Inizio del brigantaggio.
Giudicato colpevole, il nostro dovette passare un anno in carcere. Quando uscì, trovò le autorità del paese schierate contro di lui: ogni furto era una sua responsabilità, ogni aggressione portava, secondo loro, la sua firma. Era, insomma, impossibile vivere in pace. Fu a questo punto che Vincenzo abbandonò il suo nome per assumere definitivamente quello di Pacì Paciana, brigante. Per guadagnarsi il pane iniziò a rapire e taglieggiare i maggiorenti della zona.
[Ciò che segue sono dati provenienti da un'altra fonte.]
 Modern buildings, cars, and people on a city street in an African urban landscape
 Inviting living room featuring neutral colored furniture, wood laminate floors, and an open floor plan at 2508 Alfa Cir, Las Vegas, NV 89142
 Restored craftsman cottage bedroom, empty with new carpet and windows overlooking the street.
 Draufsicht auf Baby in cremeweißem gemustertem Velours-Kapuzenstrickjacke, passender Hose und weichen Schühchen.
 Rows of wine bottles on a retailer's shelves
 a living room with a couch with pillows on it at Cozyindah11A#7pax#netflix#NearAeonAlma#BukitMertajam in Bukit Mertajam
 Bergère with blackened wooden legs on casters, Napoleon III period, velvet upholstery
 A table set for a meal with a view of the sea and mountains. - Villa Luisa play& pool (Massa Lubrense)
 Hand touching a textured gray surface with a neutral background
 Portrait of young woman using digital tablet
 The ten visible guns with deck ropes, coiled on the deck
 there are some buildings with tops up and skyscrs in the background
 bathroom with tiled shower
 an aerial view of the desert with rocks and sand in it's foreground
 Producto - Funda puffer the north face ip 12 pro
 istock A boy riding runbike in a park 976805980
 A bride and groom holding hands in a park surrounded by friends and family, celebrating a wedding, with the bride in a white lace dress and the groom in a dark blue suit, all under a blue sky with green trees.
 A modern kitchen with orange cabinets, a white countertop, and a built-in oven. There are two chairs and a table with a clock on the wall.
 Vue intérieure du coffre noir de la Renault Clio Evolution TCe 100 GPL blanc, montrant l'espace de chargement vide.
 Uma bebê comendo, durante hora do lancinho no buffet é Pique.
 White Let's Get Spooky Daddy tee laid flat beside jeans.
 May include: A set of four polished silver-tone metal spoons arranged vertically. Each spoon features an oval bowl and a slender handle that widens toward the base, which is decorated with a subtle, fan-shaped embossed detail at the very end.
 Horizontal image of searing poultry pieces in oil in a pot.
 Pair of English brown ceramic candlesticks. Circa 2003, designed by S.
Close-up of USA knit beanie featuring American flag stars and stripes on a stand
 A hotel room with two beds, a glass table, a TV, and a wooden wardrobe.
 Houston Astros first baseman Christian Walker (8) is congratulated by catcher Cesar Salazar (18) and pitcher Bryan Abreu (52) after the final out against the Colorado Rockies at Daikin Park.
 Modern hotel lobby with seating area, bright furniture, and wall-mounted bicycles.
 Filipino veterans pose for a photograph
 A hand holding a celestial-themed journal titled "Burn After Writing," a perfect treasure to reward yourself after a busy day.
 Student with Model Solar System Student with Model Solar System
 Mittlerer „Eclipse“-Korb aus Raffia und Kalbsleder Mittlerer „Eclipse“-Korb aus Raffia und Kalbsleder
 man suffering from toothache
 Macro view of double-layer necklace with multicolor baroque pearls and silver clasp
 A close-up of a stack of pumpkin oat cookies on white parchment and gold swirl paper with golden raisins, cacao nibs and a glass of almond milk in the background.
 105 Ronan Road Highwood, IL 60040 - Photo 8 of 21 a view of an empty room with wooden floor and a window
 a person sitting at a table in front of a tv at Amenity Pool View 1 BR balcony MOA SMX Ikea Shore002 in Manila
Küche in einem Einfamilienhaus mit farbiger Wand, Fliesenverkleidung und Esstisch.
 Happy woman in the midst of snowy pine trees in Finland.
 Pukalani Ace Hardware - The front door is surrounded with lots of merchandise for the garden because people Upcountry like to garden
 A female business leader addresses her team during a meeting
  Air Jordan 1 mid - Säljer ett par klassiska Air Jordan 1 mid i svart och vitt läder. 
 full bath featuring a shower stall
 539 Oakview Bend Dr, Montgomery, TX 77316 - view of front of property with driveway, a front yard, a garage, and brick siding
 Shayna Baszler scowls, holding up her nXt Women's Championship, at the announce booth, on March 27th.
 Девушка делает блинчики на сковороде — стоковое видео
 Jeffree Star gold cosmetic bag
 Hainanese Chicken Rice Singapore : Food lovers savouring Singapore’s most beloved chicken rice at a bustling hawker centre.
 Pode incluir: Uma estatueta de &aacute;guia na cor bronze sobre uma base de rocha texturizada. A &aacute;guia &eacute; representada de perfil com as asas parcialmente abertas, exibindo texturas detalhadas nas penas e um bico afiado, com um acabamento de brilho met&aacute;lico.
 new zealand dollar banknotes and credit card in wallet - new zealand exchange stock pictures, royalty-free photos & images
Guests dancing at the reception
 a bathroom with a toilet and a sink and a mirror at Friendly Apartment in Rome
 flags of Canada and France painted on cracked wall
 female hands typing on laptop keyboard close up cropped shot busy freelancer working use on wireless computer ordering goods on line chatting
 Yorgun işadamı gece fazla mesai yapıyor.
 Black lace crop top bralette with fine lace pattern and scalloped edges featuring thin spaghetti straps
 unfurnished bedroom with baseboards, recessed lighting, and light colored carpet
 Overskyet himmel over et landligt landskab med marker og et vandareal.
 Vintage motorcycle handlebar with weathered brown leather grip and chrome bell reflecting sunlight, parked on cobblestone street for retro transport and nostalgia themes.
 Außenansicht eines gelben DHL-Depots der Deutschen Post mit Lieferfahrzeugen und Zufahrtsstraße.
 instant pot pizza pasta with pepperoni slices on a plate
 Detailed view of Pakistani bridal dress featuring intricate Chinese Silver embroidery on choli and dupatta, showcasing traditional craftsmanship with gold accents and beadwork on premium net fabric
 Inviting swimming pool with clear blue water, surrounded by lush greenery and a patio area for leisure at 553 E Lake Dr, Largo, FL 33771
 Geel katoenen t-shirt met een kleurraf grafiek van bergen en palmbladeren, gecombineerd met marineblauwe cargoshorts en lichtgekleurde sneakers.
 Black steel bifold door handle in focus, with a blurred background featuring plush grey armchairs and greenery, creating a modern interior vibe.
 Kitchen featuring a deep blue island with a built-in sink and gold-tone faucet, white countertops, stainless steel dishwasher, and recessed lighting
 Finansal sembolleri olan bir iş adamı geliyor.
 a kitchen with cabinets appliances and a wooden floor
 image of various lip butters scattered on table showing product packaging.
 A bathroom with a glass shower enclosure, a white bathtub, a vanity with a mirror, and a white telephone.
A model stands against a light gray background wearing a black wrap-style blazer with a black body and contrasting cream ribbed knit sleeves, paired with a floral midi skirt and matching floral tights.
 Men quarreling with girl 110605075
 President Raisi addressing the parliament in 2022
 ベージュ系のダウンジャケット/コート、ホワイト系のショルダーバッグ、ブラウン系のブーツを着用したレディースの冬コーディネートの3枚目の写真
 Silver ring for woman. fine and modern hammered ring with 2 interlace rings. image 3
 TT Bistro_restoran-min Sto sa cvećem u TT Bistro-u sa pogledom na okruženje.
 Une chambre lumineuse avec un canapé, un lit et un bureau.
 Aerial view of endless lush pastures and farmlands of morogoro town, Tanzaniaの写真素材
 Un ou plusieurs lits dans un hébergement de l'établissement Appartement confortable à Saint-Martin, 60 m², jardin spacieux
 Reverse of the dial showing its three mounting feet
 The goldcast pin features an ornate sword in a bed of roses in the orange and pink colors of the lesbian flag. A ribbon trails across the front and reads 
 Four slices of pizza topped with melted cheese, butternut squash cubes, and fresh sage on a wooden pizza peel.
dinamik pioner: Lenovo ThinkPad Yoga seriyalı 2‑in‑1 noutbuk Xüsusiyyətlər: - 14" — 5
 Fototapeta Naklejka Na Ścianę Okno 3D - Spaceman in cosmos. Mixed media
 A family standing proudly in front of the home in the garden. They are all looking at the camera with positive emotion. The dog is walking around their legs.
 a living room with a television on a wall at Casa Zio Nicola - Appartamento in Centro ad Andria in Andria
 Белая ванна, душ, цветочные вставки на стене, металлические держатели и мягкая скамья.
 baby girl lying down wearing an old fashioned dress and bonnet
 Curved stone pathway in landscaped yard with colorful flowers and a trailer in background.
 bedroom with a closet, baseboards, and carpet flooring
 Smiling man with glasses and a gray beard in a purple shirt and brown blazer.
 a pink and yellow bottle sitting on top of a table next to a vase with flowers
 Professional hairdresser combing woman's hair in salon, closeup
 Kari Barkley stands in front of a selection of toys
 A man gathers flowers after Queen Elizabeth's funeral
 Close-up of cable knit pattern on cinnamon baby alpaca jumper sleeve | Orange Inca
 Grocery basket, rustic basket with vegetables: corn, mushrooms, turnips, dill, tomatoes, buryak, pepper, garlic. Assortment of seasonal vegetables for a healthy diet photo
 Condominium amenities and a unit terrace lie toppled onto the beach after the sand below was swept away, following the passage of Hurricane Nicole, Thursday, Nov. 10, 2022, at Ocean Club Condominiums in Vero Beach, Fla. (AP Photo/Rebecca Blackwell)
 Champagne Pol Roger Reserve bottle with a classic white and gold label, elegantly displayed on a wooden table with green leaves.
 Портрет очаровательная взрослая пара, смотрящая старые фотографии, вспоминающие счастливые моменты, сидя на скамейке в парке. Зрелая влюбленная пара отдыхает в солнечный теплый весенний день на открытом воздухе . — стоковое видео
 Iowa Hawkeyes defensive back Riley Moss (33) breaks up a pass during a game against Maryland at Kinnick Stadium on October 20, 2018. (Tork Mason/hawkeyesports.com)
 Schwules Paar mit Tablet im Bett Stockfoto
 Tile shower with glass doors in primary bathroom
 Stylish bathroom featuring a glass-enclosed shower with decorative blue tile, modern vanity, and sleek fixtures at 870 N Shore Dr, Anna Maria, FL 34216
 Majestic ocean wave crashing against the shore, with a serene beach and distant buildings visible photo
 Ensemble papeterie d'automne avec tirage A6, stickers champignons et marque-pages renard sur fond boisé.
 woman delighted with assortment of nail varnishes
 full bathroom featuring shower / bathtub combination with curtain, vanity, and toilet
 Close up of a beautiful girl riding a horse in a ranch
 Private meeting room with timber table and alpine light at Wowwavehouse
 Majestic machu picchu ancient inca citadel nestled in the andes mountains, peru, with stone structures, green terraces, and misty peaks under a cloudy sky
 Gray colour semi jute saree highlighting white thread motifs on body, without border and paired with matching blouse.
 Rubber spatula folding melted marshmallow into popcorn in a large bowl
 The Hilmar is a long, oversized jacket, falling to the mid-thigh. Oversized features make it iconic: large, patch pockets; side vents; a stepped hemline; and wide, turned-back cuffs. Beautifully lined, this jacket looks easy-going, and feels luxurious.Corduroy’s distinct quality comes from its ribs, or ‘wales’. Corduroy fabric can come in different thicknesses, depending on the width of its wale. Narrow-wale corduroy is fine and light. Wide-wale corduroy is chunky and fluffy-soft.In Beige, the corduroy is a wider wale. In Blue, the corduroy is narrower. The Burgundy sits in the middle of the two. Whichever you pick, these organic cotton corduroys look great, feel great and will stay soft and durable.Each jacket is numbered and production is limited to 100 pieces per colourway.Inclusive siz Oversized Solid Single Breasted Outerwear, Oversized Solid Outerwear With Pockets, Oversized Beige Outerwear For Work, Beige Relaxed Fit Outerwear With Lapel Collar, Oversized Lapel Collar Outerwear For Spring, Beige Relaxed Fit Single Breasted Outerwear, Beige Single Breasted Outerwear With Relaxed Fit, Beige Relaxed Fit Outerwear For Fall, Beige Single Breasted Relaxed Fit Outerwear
La valle si spaccò: da un lato il popolo, con cui egli divideva (sicuramente per interesse) i proventi delle sue azioni criminose; dall’altra i signori (i sciori, in dialetto locale) che temevano per la loro sicurezza e il loro denaro. In mezzo, cioè divisi equamente tra i due schieramenti, stavano i preti. Alcuni di loro vedevano il bene che il nostro faceva e come egli si prendesse cura di persone altrimenti destinate a morte certa. Altri sottolineavano che il furto è un peccato. Tra questi spiccava soprattutto il parroco di Sedrina Alta, a cui avrebbe rubato, e diviso con la popolazione affamata, il denaro necessario alla ristrutturazione della chiesa.